On James's death in 1868 Alphonse inherited not only the management of the Rothschild concerns in France which he ran with his brothers, but also his father's financial and political skills. He inherited also the château de Ferrières as well as his Paris residence at 2 rue Saint-Florentin where he had been living since 1857, the year of his marriage to his English cousin Leonora. Although Alphonse bought a certain number of Dutch 17th Century and French 18th Century pictures, it was towards the decorative arts that he concentrated his most assiduous pursuits. The extent and continuity of Alphonse's purchasing is borne out by the comptes courants, or accounts ledgers, of the French Rothschilds from 1870 - 1905 which show that Alphonse continued to add to his collection with as much energy and as copiously in the last years of his life as he did in earlier years.

FERDINAND BURY
This bureau à cylindre uses the various juxtaposed parquetry patterns divided by ormolu banding and centered by a raised oval medallion so characteristic of Ferndinand Bury. Bury (1740 - 1795) became maître in 1774 and worked in the rue de Charonne, and was active until 1789 when he filed for bankruptcy. The papers filed at that point reveal that he employed the fondeur Antoine-André Ravrio for the bronzes of his furniture. They further reveal that he retailed furniture through marchands-merciers such as Bonnemain, Mathieu Law, Gavanet and Jean-Baptiste Tuart.

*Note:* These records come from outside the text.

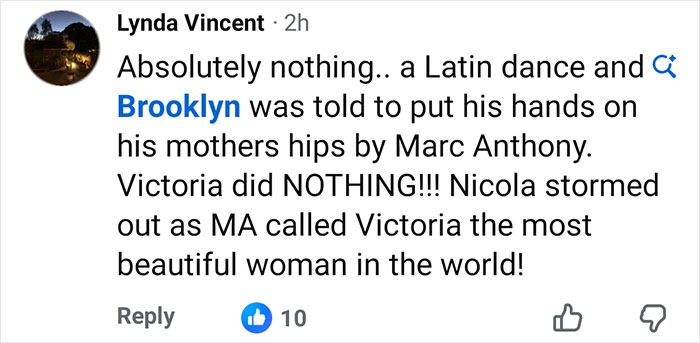 Comment discussing DJ at Brooklyn Beckham wedding breaking silence on inappropriate dance accusations with mentions of Marc Anthony and Victoria.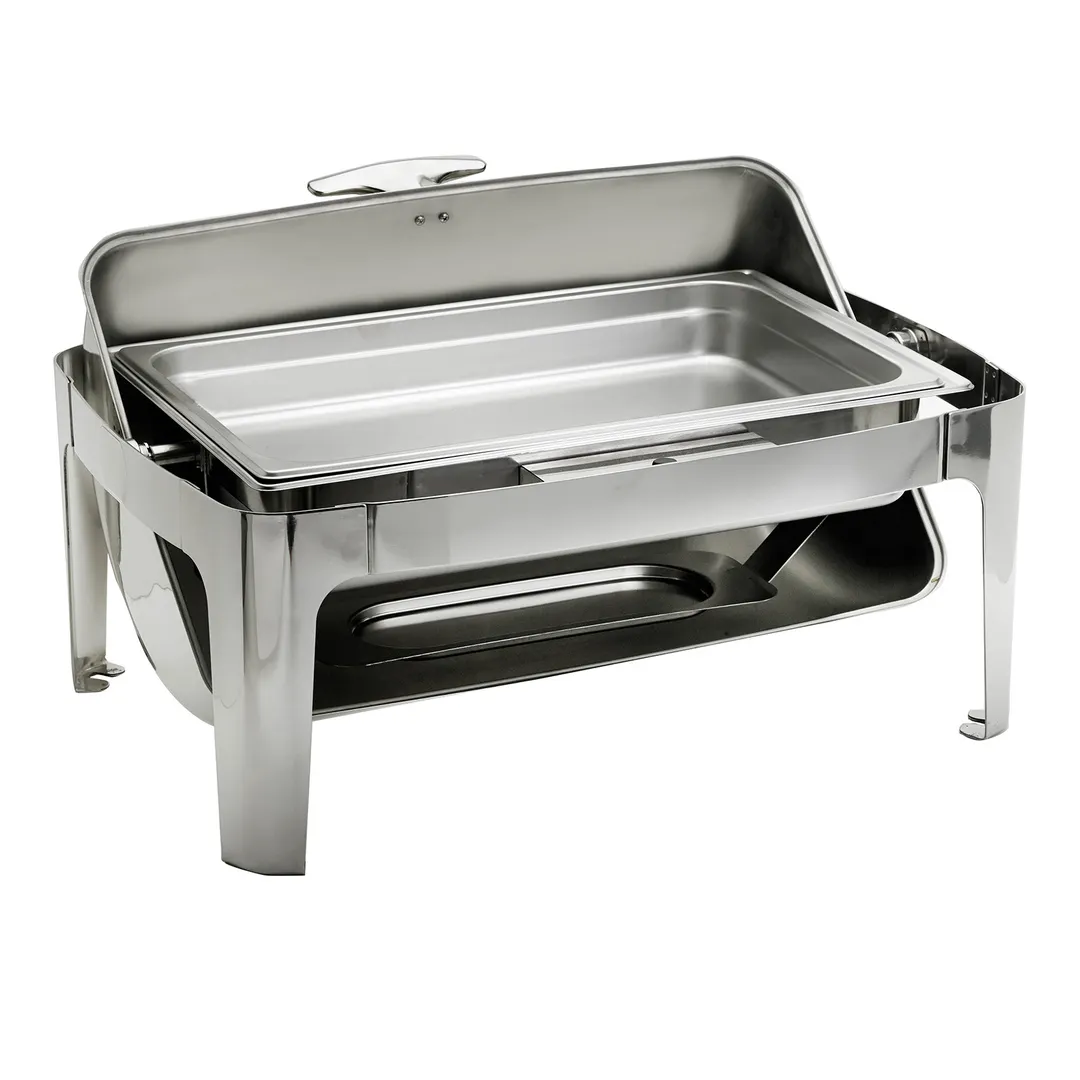 Browne USA 575137 Cadence Chafing Dish, 9‑Qt Rect, 26½" x 21½" Stainless Steel, Vented Roll Top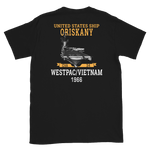 USS Oriskany (CVA-34) 1966 WESTPAC/VIETNAM Short-Sleeve Unisex T-Shirt – back view, black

The existence of the Bury's stamp in conjunction with Jean-Henri Riesener's stamp on a commode that bears the brand for the château de Versailles, indicates that the two collaborated occasionally (D. Alcouffe, Furniture Collections in the Louvre, Dijon, 1993, p. 269). Interestingly that commode bears distinct resemblance to Bury's oeuvre, suggesting that it was Riesener who sub-contracted the work to Bury.

As marchand he flourished under the patronage of the prince of Nassau, the marquis de Marigny, the marquis de Mailly-Nesle and the duc de Brissac. The rich ormolu mounts on the offered lot further remind of mounts used by Carlin, suggesting that Bury possibly also worked for the same marchand-mercier as Carlin, namely Dominique Daguerre.

Several bureaux à cylindre that are stamped by Bury also bear the stamp of Jean-Baptiste Tuart (one example in the Espirito Santo collection, sold Christie's, London, 12 December 1996, lot 99, and another anonymously, Sotheby's, Monaco, 17 June 1988, lot 733), who was not only a marchand, but also an ébéniste in his own right.